**Records drawn from a dataset**
*-*-*

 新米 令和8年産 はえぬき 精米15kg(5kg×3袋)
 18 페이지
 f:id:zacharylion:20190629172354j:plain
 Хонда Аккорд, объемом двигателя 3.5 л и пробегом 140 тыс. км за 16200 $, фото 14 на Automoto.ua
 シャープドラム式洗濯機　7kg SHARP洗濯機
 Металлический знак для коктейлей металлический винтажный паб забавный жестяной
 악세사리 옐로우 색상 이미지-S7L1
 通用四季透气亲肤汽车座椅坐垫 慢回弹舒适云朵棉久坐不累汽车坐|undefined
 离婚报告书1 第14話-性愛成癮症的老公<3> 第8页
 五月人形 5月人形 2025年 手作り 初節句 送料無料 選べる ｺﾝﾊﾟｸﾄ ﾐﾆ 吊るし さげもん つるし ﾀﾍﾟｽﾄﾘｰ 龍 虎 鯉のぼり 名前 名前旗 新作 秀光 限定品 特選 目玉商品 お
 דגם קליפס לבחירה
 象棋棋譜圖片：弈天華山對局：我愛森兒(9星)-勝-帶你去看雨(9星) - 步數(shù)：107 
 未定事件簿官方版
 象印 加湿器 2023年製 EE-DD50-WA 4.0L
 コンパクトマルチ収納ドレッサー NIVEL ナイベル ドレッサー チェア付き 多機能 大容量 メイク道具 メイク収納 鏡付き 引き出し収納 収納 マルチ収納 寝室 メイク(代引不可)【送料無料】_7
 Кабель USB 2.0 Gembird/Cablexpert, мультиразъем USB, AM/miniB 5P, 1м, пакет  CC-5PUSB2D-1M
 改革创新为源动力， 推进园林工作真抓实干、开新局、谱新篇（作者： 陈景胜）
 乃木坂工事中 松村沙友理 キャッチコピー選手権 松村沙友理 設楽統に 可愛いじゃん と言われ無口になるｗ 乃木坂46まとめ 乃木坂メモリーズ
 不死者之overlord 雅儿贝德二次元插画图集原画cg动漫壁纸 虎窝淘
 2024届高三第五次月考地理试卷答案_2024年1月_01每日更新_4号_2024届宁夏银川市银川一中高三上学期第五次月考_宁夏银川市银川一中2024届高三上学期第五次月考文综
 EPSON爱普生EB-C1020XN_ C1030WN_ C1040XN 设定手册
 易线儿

*-*-*

**Exercise description**
Give solely the number of lines in the data that contain the string "送料無料".

**Exercise result**
2